Мне хочется угодить в твои объятия, но я безнадежно позади, как всегда – на периферии твоего зрения.
…я не слушаю, что ты говоришь со сцены, неловко пересматриваясь с братом: речь написана заранее. В уголках глаз щиплет, и это вовсе не сентиментальные слезы радости; наградой больше, наградой меньше – какая, в сущности, разница?
Некоторые вещи прекрасны в своей нематериальности.
Я ухожу в уборную и закрываюсь в кабинке.
Какой бы приторной ни была церемония, закулисы остаются неприятно-пресными. Дешевый кафель и железные унитазы. Не в пример безупречному фасаду.
Напряжение льется из моего тела белыми каплями.
…я выхожу пятью минутами позже, тщательно мою руки и долго стою перед зеркалом, упираясь ладонями в края раковины.
- Да, ты чертовски хорош, Йост, - произношу я вслух, и мой голос отдается в помещении эхом. Провожу пальцами по гладко выбритому подбородку, потом ерошу непослушные волосы и улыбаюсь собственному отражению.
…сегодня утром мне пришлось выпить четыре чашки крепкого кофе.

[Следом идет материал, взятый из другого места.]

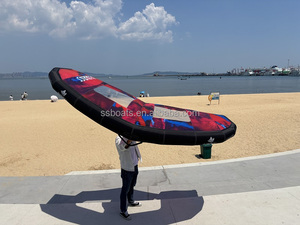 Aisunss Foil Wing <span class=keywords><strong>Kite</strong></span>, aile gonflable portative pour le kitesurf, le wingsurf, le snowboard et le ski nautique - Product Image 1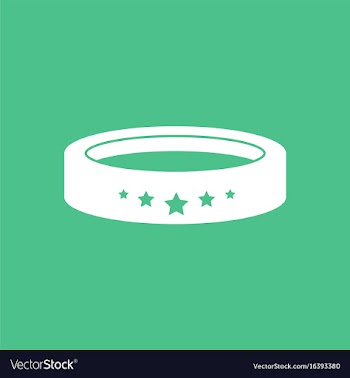Circle circus or theater stage vector image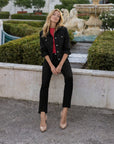 Audrey Black Stretch Denim Jeans Corfu Easy Living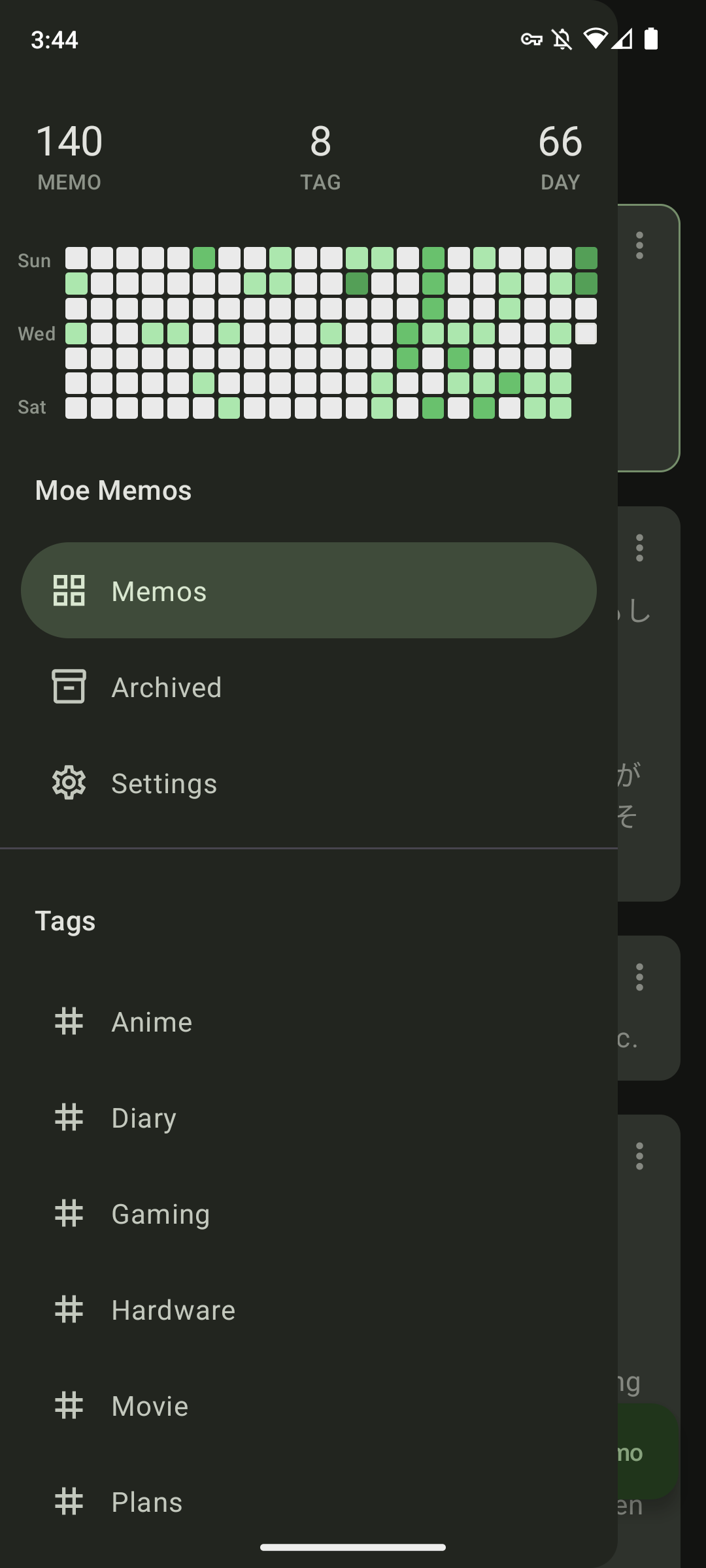 Screenshot 1 of Moe Memos — opens full size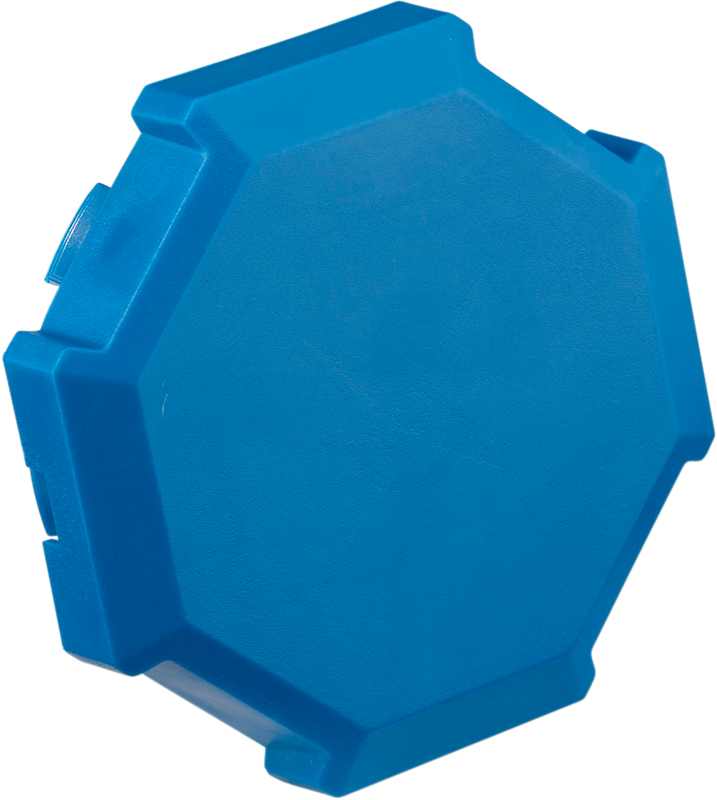 Moose Offroad Hub Cap - Blue - Rzr/General 100-2293-PU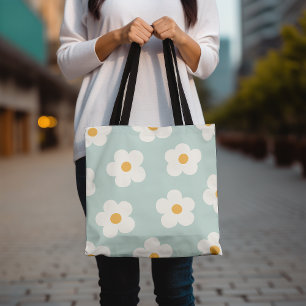 Floral Tote Beutel, Niedliche Daisies Muster Tasch Tasche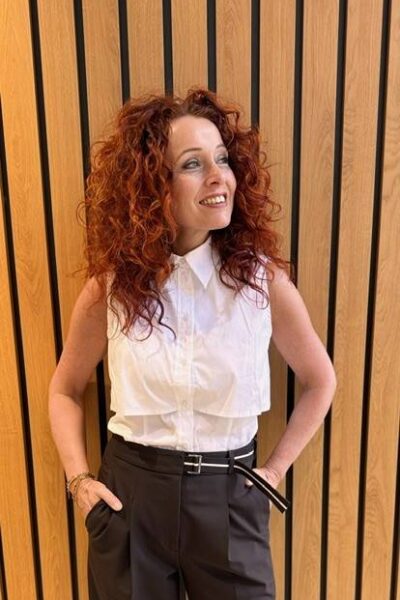 Sanna double layer top white Co’Couture
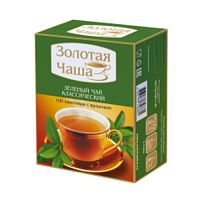 Чай в пакетиках Золотая Чаша зеленый 100 пак. х 1,8 гр. с/я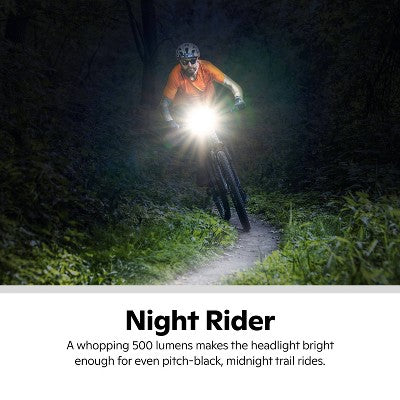 Schwinn 500 Lumen Light Set Bike Accessory Mount - Black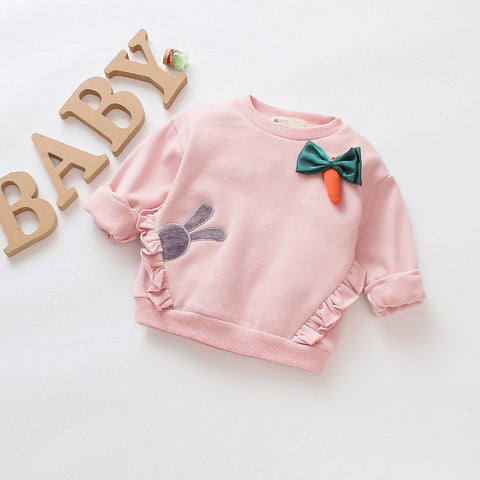 Winte Limited 2018 New Autumn Korean Version Of The Girl Baby Cotton Wild Cartoon Children Long-sleeved Sweater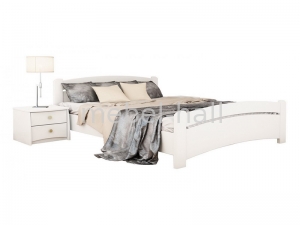 Кровать деревянная двуспальная Эстелла ВЕНЕЦИЯ 160х200 Буковый Массив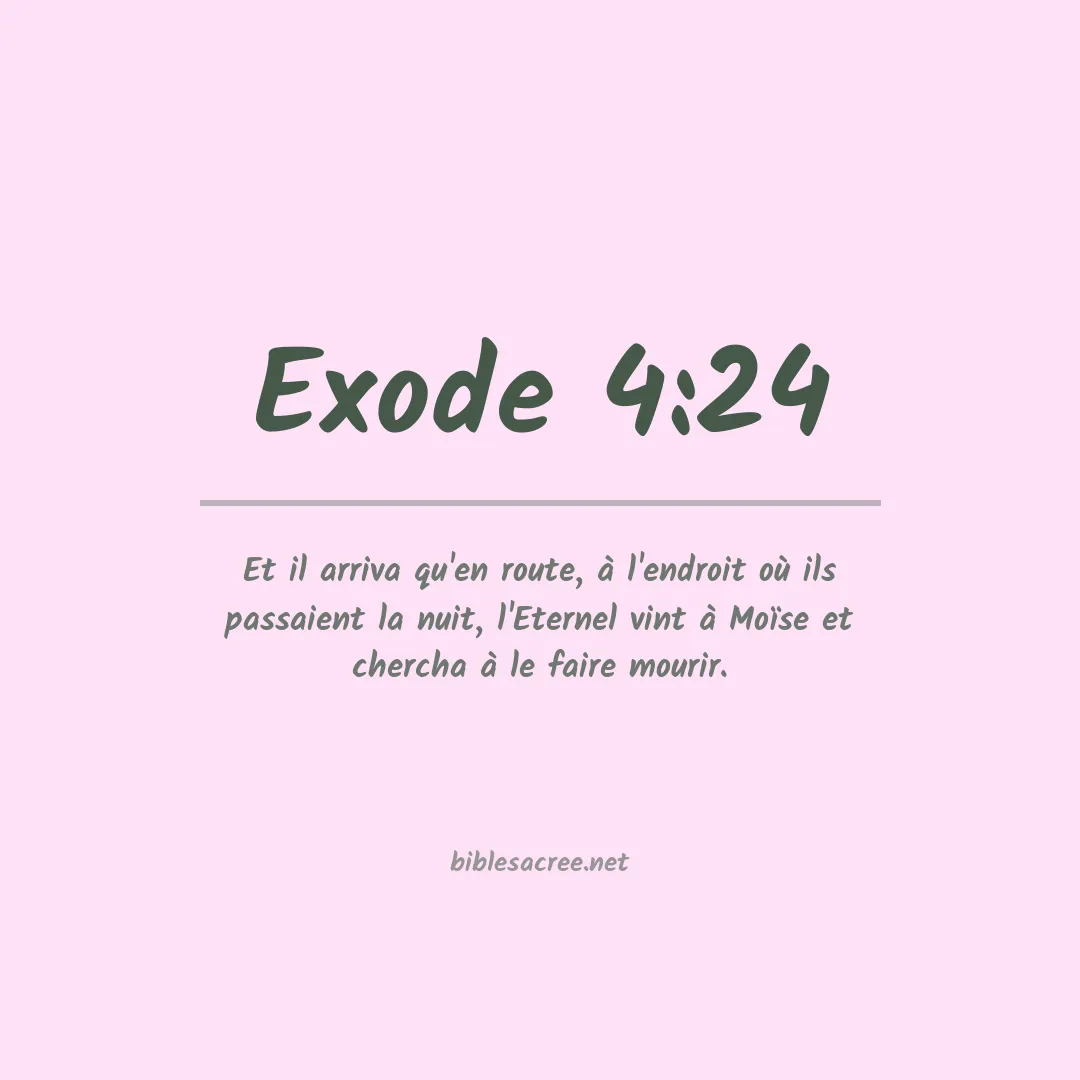 Exode - 4:24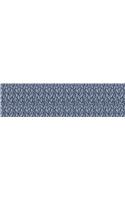 You-Nique Navy Feather Straight Borders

С каждым днем просыпаться вовремя становится всё сложнее.
Каким бы величественным ни был фасад, задники всё равно остаются обшарпанными…
***
Иногда я забываю о том, что тебе уже восемнадцать. Мне всё чаще хочется без причины набрать твой номер и приказным тоном объявить о срочной явке ко мне.
В номер, конечно. И можно без сливок.
…я стараюсь отвлечься и не искать тебя взглядом, но голова сама поворачивается в разные стороны. Я чувствую себя чертовым сканером, запрограммированным на поиск «лакированная куртка + белые брюки».
Я замечаю тебя почти сразу: ты сидишь в обществе брата на диване в углу, стол уставлен напитками, Густава с Георгом не видно. Вы ссоритесь – это читается в жестах и взглядах, пространство между вами намагничено. Том не выдерживает первым и поднимается на ноги, наивно-важный в своих безразмерных шмотках. Он уходит в сторону бара, и ты смотришь ему вслед – клянусь Богом, надеешься, что обернется.
…не проходит и минуты, как ты бежишь следом.
Я иду за вами, огибая гостей вечеринки и вездесущих фотографов, которые, кажется, в погоне за кадром скоро будут крепить себя к потолку. В голове утопленное в алкогольном бреду отчаяние, в ногах непонятная дрожь.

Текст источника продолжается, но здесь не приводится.